HOW TO COMPLETE THIS TASK - The line holding "this 1024×683 image." and every line after it through the end of the entries below: retype these exactly and nothing more.
Segment Open
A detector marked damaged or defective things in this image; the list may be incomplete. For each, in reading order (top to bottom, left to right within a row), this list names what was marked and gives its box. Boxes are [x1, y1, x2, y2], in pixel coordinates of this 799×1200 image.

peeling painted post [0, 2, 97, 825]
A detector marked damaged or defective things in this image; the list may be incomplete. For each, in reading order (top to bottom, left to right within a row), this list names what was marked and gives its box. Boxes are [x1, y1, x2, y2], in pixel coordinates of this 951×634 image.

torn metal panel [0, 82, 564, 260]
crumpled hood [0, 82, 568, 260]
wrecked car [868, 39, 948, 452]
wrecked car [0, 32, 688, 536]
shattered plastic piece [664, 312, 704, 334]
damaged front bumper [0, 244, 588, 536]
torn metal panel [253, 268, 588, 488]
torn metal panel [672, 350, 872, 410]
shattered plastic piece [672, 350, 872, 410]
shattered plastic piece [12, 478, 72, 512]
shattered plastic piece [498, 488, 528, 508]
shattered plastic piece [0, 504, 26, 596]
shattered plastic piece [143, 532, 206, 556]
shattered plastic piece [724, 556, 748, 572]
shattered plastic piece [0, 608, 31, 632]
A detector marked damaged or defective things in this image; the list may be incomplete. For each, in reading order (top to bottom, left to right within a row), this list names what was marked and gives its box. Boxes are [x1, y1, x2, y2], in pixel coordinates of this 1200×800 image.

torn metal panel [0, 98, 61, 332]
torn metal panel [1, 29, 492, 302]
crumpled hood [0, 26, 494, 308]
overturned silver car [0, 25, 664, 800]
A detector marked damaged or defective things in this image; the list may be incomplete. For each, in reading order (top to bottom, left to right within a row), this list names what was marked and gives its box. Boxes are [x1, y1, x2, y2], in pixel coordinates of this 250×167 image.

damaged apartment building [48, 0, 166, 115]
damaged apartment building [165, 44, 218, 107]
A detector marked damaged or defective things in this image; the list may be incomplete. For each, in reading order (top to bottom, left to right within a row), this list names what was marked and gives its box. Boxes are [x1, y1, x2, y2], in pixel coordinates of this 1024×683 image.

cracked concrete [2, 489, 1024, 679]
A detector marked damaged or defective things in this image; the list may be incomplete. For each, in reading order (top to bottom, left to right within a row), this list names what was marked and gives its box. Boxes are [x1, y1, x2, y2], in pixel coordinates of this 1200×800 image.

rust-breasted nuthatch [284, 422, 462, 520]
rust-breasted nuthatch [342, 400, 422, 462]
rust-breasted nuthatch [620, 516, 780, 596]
Segment Closed
COMPLETED EXERCISE -
A detector marked damaged or defective things in this image; the list may be incomplete. For each, in reading order (top to bottom, left to right within a row), this list names what was marked and gives its box. Boxes are [x1, y1, x2, y2], in pixel coordinates of this 1024×683 image.

cracked concrete [2, 489, 1024, 679]
A detector marked damaged or defective things in this image; the list may be incomplete. For each, in reading order (top to bottom, left to right within a row), this list names what was marked and gives its box. Boxes are [x1, y1, x2, y2], in pixel coordinates of this 1200×800 image.

rust-breasted nuthatch [284, 422, 462, 520]
rust-breasted nuthatch [342, 400, 422, 462]
rust-breasted nuthatch [620, 516, 780, 596]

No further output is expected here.